### TASK DIRECTIONS
Where an entry below contains an image, skip the image and copy the rest exactly.

### DATA FOR ANALYSIS
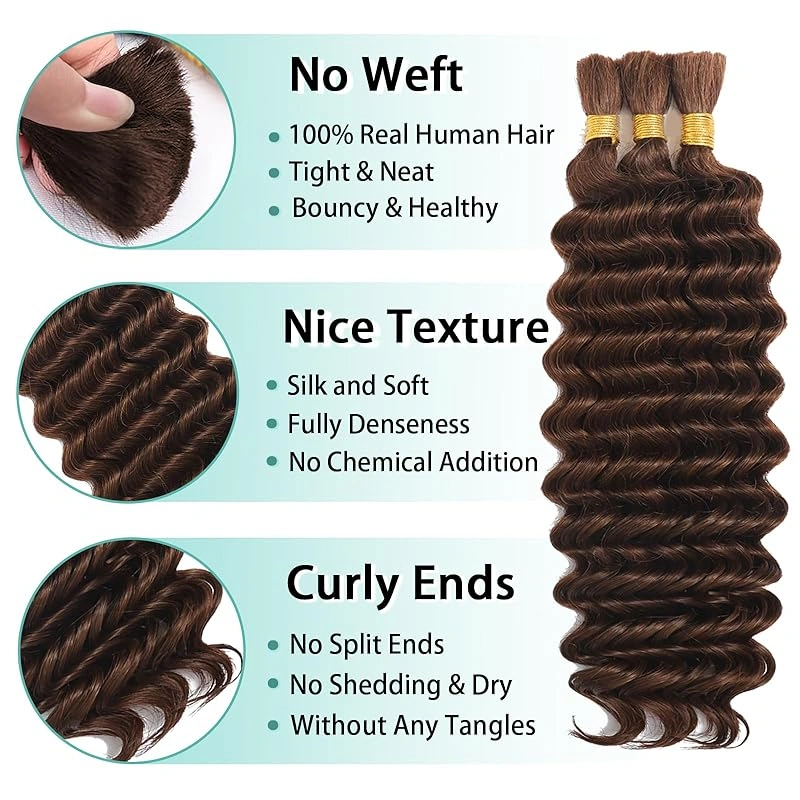 Donorshair Human Braiding hair Ombre 4/27 100gram, Boho Braids Human Hair, Deep Wave Bulk Human Hair for Micro Braiding No Weft,Curly Knotless/Goddess/Bohemian/Gypsy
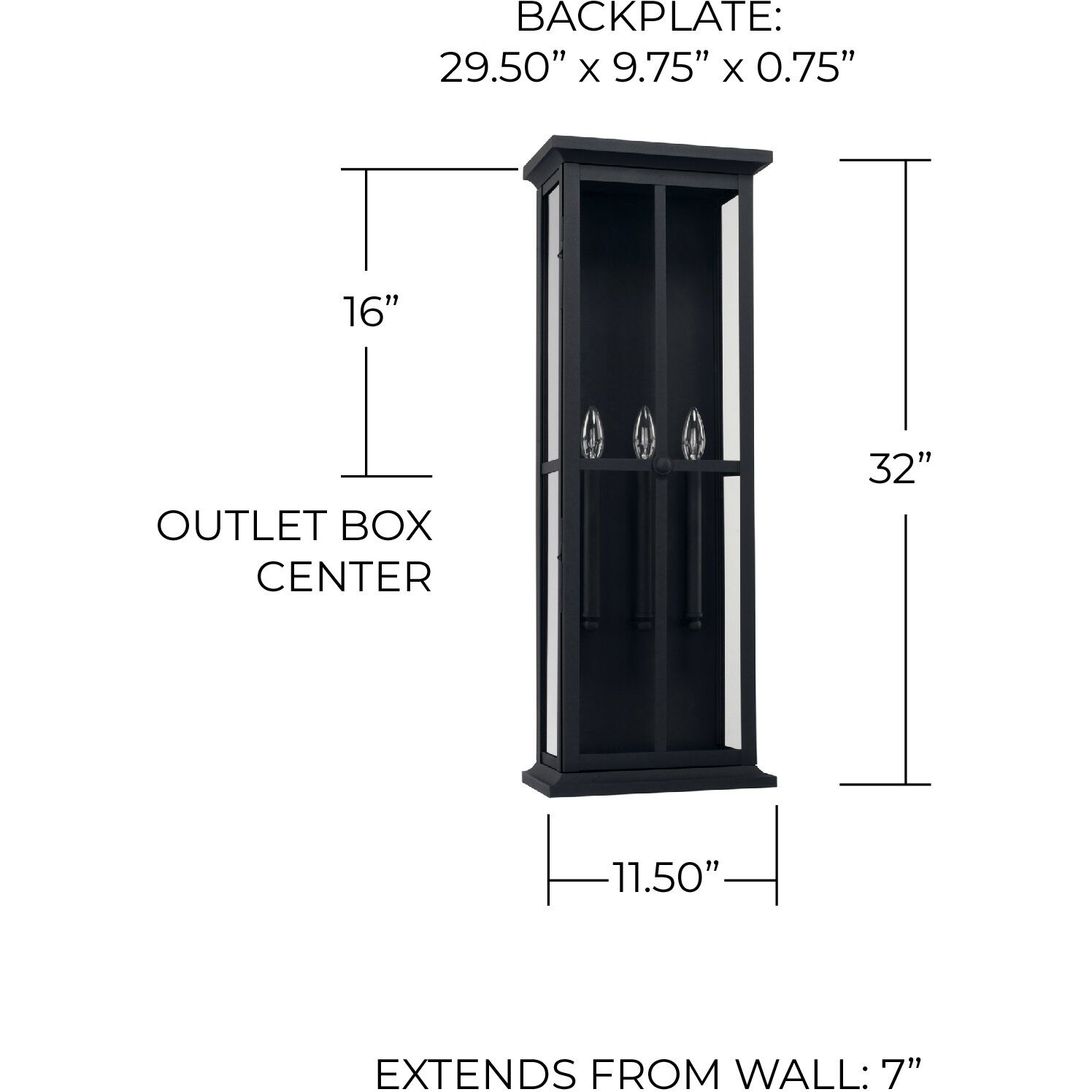 Mansell 3 Light 32 inch Black Outdoor Wall Lantern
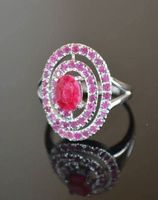 Rubin Silber Ring * Gr.17.5 * 925Silber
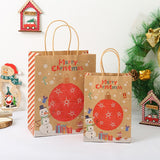 6pcs Gift Pakcaging Kraft Paper Bag Birthday Party Wedding Christmas New Year Child Favors Cookies Snack Decoration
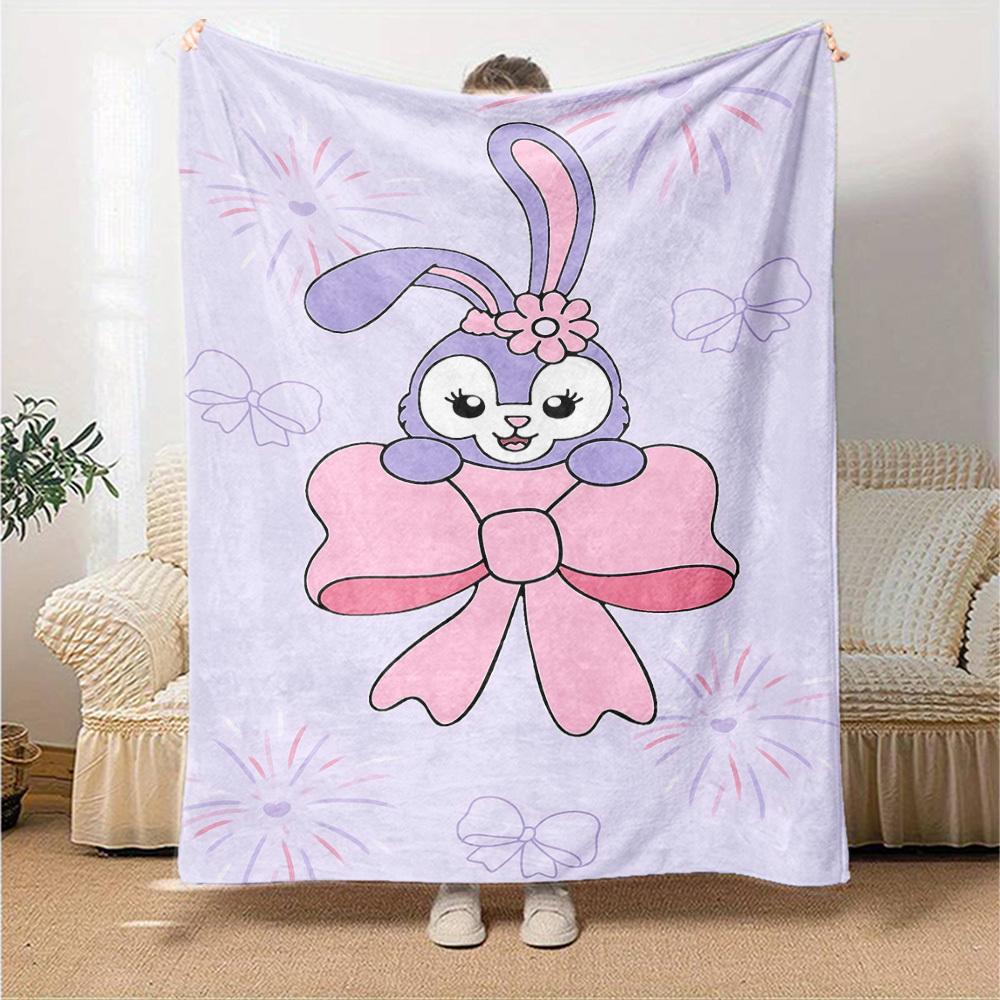 1pc Rabbit Bow Blanket Lightweight Flannel Throw for Sofa Bed Travel Camping Livingroom Office Couch Chair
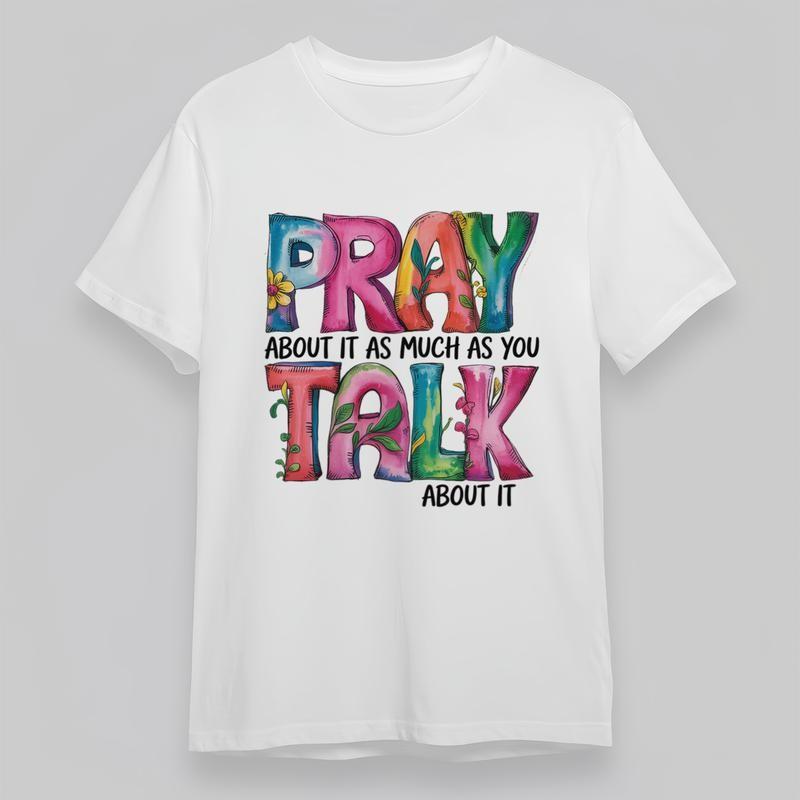 

Women s Oversize Classic T-Shirt Colorful Pray and Talk Floral Font Graphic Tee 4XL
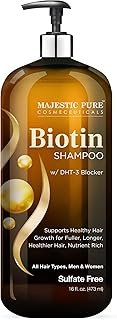 Majestic Pure Biotin Shampoo Sulfate & Paraben Free - 16 Fl Oz | Hair Thickening & Volumizing with DHT-3 Blocker to Help Boost Fuller Looking Hair for Men & Women with Fine or Thinning Hair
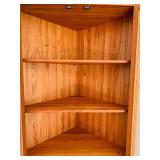 Mid Century Modern Danish Corner Shelf with Glass Doors
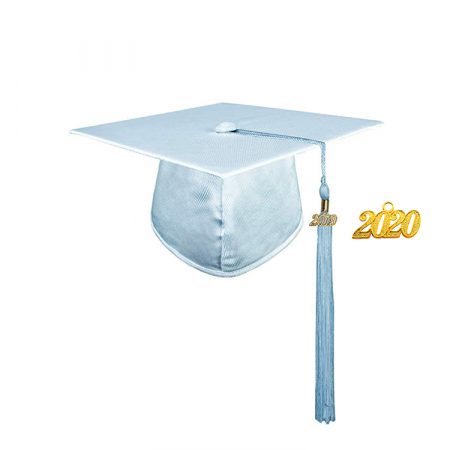 Cap & Tassel - Shiny Light Blue Masters Cap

### RESULT OF THE TASK
 Donorshair Human Braiding hair Ombre 4/27 100gram, Boho Braids Human Hair, Deep Wave Bulk Human Hair for Micro Braiding No Weft,Curly Knotless/Goddess/Bohemian/Gypsy
 Mansell 3 Light 32 inch Black Outdoor Wall Lantern
 Rubin Silber Ring * Gr.17.5 * 925Silber
 6pcs Gift Pakcaging Kraft Paper Bag Birthday Party Wedding Christmas New Year Child Favors Cookies Snack Decoration
 1pc Rabbit Bow Blanket Lightweight Flannel Throw for Sofa Bed Travel Camping Livingroom Office Couch Chair

Women s Oversize Classic T-Shirt Colorful Pray and Talk Floral Font Graphic Tee 4XL
 Majestic Pure Biotin Shampoo Sulfate & Paraben Free - 16 Fl Oz | Hair Thickening & Volumizing with DHT-3 Blocker to Help Boost Fuller Looking Hair for Men & Women with Fine or Thinning Hair
 Mid Century Modern Danish Corner Shelf with Glass Doors
 Cap & Tassel - Shiny Light Blue Masters Cap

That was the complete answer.